# 100 Languages Speedrun: Episode 65: Randomized Finite Automaton for Fast Thue Interpreter in Crystal

This is probably the most Computer Science heavy episode so far. If that's not your thing, feel free to skip and come back for the next episode.

Deterministic Finite Automaton is a computer science concept. It's a program with these properties:

• at every point it's in one of limited number of states
• it goes through the string one character at a time
• based on current state, current character, and nothing else, it choses the next state
• once it's done with the string, we extract some information from whichever state it ended up in

### DFA Example

So for example let's write a program that matches a string of digits. It can have some extra spaces at the beginning and end, and it can have `_` between digits (but not elsewhere, an not multiples), and it's not allowed to have leading 0s unless the whole number is zero. In regular expression terms it's `/^\s*(0|[1-9]\d*(_\d+)*)\s*\$/`.

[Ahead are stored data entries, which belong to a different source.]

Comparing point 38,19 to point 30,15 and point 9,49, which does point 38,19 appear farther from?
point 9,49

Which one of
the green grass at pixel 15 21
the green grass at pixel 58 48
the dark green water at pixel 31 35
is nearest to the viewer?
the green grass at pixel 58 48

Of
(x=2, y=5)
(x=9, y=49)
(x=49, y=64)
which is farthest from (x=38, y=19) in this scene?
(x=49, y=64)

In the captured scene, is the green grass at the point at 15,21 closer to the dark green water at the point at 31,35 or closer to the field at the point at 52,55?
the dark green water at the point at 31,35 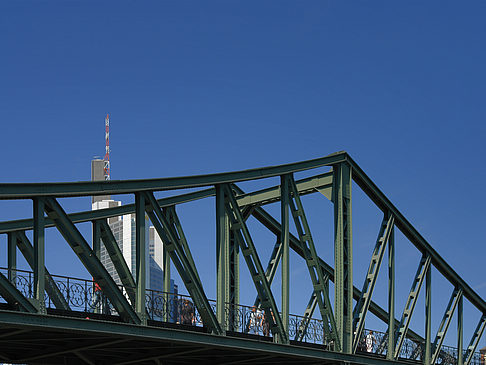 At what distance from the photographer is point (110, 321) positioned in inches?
1283

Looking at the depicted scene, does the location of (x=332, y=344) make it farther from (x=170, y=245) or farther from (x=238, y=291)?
(x=170, y=245)

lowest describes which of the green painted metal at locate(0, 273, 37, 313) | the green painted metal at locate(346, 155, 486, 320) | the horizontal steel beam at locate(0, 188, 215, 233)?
the green painted metal at locate(0, 273, 37, 313)

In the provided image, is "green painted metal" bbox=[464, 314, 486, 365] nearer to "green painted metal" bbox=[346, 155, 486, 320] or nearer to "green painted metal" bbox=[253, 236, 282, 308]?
"green painted metal" bbox=[346, 155, 486, 320]

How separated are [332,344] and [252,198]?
330 inches

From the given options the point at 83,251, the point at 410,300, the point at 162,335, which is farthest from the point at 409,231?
the point at 83,251

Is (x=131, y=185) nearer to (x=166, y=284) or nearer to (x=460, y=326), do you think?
(x=166, y=284)

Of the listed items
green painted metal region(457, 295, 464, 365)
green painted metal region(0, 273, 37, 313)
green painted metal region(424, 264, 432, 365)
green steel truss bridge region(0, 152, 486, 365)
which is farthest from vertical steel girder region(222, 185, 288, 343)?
green painted metal region(457, 295, 464, 365)

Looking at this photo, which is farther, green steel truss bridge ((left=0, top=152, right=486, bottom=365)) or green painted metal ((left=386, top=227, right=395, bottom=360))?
green painted metal ((left=386, top=227, right=395, bottom=360))

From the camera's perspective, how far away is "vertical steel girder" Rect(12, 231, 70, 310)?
1318 inches

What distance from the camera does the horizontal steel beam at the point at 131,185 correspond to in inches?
1179

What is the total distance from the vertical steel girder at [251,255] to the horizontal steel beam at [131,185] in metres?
0.95

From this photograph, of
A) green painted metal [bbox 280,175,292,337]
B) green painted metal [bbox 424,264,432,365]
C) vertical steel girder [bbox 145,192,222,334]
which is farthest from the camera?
green painted metal [bbox 424,264,432,365]

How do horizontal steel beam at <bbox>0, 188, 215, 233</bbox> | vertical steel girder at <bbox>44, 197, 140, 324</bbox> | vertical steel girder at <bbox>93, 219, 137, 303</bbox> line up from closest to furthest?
vertical steel girder at <bbox>44, 197, 140, 324</bbox>, vertical steel girder at <bbox>93, 219, 137, 303</bbox>, horizontal steel beam at <bbox>0, 188, 215, 233</bbox>

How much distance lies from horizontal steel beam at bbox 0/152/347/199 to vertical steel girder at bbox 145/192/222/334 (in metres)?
0.78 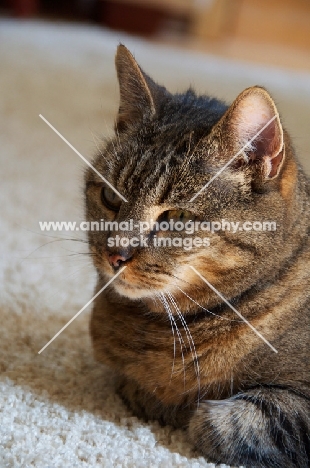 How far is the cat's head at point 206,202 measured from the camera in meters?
0.98

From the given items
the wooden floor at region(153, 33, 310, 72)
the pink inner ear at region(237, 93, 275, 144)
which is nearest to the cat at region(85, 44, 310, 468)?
the pink inner ear at region(237, 93, 275, 144)

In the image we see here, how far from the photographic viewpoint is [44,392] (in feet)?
3.61

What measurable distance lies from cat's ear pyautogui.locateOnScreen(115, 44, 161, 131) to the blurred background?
103 inches

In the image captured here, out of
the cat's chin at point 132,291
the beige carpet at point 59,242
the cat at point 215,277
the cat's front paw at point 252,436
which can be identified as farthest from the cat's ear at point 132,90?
the cat's front paw at point 252,436

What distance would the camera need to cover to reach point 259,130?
0.98 meters

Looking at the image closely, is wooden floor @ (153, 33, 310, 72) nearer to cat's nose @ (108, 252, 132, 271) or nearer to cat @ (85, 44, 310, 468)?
cat @ (85, 44, 310, 468)

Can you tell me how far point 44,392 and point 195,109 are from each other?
1.98 feet

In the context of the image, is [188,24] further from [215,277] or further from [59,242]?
[215,277]

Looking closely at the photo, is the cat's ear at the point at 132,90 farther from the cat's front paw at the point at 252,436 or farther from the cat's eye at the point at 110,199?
the cat's front paw at the point at 252,436

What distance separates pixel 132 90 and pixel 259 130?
0.30m

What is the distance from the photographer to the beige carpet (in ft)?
3.22

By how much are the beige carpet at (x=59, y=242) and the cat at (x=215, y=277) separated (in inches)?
3.6

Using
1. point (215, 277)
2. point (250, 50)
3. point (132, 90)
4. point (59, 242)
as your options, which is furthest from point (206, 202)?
point (250, 50)

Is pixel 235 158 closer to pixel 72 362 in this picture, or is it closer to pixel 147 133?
pixel 147 133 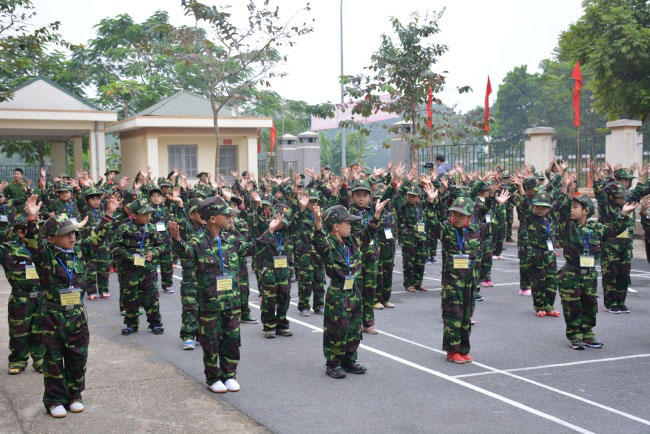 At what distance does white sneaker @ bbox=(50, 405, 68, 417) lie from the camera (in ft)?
20.3

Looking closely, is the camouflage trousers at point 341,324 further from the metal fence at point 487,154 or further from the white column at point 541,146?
the white column at point 541,146

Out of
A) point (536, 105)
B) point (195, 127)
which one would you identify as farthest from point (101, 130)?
point (536, 105)

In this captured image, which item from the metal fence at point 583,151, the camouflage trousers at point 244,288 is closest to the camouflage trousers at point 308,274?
the camouflage trousers at point 244,288

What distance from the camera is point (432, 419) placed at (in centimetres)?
603

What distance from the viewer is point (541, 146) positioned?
21.9 m

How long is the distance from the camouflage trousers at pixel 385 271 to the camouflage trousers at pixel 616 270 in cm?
324

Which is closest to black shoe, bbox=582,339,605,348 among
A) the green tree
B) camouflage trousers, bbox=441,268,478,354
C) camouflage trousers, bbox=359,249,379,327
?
camouflage trousers, bbox=441,268,478,354

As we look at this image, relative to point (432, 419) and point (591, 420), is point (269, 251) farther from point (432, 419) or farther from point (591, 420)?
point (591, 420)

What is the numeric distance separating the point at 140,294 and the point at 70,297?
310 centimetres

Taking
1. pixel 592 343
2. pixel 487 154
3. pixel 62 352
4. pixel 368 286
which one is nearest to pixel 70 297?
pixel 62 352

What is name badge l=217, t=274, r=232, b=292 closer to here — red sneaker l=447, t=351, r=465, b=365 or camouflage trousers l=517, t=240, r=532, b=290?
red sneaker l=447, t=351, r=465, b=365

Let's try to make a DFA for it:

• state `Start`, if character `space`, go to state `Start`:
• state `Start`, if character `1-9`, go to state `Digit`:
• state `Start`, if character `0`, go to state `End`:
• state `Digit`, if character `0-9`, go to state `Digit`
• state `Digit`, if character `space`, go to state `End`
• state `Digit`, if character `_`, go to state `Underscore`
• state `Undersor`, if character `0-9`, go to state `Digit`
• state `End`, if character `space` go to state `End`

Any state, any character not listed, go to state `Fail`.

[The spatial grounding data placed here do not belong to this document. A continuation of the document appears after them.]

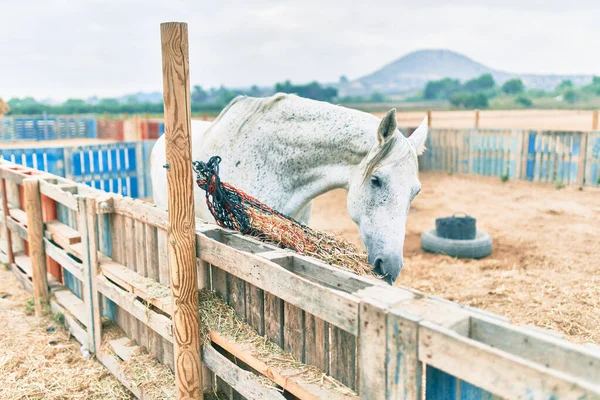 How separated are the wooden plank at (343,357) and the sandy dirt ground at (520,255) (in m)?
3.25

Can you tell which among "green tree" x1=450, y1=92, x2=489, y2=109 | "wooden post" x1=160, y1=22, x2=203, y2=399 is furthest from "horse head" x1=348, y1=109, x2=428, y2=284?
"green tree" x1=450, y1=92, x2=489, y2=109

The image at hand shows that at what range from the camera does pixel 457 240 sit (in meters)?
7.51

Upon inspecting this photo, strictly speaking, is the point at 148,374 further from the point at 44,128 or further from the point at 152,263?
the point at 44,128

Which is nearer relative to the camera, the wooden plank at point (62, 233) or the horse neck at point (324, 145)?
the horse neck at point (324, 145)

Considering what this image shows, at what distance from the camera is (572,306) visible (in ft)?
17.1

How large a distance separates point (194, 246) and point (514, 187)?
474 inches

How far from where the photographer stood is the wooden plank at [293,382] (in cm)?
201

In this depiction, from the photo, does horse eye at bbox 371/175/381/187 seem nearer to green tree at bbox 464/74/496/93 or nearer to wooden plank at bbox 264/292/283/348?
wooden plank at bbox 264/292/283/348

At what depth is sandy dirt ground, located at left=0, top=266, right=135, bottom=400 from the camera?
3.51 metres

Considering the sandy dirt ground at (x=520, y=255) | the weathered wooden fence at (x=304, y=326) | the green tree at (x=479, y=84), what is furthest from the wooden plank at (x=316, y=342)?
the green tree at (x=479, y=84)

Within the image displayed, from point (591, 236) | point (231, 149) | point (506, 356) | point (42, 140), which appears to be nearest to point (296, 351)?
point (506, 356)

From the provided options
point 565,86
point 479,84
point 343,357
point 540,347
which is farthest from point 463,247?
point 479,84

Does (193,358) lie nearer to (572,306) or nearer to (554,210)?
(572,306)

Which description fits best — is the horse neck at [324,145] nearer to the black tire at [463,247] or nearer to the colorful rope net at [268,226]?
the colorful rope net at [268,226]
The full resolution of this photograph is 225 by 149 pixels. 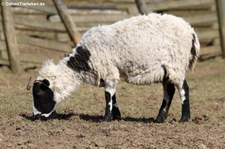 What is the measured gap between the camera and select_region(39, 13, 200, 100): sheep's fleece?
8.77m

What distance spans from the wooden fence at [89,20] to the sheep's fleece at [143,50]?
609cm

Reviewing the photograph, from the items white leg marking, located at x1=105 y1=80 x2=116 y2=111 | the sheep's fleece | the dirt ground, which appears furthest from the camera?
white leg marking, located at x1=105 y1=80 x2=116 y2=111

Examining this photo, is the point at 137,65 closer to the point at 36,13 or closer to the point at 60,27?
the point at 60,27

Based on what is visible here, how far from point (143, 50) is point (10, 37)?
575 cm

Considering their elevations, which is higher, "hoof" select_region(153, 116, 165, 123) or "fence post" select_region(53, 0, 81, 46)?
"fence post" select_region(53, 0, 81, 46)

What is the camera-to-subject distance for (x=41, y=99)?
29.5 ft

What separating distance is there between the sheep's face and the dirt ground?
0.50 feet

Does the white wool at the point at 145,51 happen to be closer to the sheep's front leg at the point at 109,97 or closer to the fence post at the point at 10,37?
the sheep's front leg at the point at 109,97

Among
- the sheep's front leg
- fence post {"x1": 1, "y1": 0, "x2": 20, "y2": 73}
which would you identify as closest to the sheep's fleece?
the sheep's front leg

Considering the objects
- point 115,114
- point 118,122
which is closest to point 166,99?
point 115,114

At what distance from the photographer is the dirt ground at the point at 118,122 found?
732 cm

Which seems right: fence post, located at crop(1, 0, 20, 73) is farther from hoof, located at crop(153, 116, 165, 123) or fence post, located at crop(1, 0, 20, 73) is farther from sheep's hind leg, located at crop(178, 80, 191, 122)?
sheep's hind leg, located at crop(178, 80, 191, 122)

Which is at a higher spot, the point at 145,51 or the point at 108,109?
the point at 145,51

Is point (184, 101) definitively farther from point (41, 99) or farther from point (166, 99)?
point (41, 99) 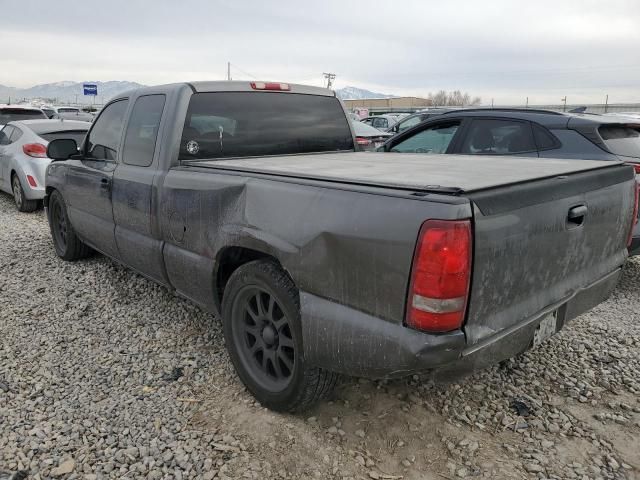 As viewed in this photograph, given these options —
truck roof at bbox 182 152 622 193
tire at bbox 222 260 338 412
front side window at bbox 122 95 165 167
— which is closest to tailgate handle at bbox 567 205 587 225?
truck roof at bbox 182 152 622 193

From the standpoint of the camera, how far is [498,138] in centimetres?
535

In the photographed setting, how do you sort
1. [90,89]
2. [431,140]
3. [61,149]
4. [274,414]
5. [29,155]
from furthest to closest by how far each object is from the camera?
[90,89]
[29,155]
[431,140]
[61,149]
[274,414]

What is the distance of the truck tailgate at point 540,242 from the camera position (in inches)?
80.3

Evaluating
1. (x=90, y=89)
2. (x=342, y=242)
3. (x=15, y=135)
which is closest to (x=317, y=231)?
(x=342, y=242)

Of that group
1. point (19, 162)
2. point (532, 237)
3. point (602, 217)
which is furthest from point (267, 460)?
point (19, 162)

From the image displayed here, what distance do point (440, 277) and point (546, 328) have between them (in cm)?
91

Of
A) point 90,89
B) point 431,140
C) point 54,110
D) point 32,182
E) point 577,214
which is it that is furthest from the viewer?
point 90,89

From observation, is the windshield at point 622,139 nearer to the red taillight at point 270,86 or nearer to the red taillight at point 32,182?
the red taillight at point 270,86

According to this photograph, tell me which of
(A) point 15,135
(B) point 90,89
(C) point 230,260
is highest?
(B) point 90,89

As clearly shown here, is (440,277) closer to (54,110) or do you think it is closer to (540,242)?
(540,242)

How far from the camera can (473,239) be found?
6.37 ft

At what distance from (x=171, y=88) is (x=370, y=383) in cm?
244

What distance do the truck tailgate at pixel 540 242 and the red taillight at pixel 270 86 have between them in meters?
2.33

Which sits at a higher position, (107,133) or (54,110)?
(54,110) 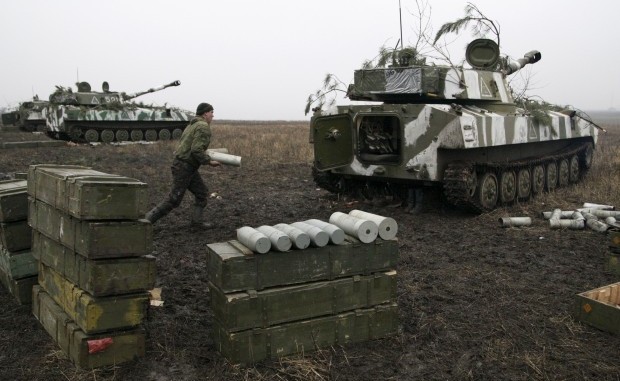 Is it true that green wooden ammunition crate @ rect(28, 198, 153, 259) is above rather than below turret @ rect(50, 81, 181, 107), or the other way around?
below

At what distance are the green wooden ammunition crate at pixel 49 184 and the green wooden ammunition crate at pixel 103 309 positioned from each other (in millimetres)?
640

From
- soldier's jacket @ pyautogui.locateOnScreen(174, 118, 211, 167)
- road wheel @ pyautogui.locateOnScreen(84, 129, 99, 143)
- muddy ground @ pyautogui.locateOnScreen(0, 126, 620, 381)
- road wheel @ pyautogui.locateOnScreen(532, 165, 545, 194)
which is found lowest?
muddy ground @ pyautogui.locateOnScreen(0, 126, 620, 381)

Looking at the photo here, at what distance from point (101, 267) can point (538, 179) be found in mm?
9775

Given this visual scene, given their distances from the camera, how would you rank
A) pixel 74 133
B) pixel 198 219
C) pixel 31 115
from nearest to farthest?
pixel 198 219
pixel 74 133
pixel 31 115

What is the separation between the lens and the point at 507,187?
35.0 ft

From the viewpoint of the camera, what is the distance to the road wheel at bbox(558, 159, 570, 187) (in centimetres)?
1302

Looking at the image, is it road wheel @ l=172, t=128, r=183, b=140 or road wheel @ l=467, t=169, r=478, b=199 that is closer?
road wheel @ l=467, t=169, r=478, b=199

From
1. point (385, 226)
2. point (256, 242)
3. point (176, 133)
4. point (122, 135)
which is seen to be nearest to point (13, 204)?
point (256, 242)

If we reached end of the string, and state is either `Digit` or `End`, the string matches. Otherwise it doesn't. Hopefully I didn't mess it up.

### Other Finite Automata

DFAs are nice because it's obvious how to make them super fast - it's just one table lookup per character. It's also possible to combine them - OR, AND, and NOT of any number of DFAs is still a DFA (even if potentially a much bigger one).

This is all nice, but we usually want to know more than "matches" or "doesn't match" is. So we came up with so damn many variants of the DFA idea - including the engine behind regular expressions.

What we want for Thue is something like that, except:

• we want to know which rule matched
• we want to know where it matched
• we want to know exactly one of all possible matches

So I came up with Randomized Finite Automaton - a DFA variant that's perfect for Thue.

### Trie

First, let's organize all the rules into a "trie". Trie is like a tree-like structure which lets us lookup a lot of strings at once. At root of the tree is a hash with keys being all the first characters. Then at every node there's some data for strings that finish there, and more tries for strings that continue.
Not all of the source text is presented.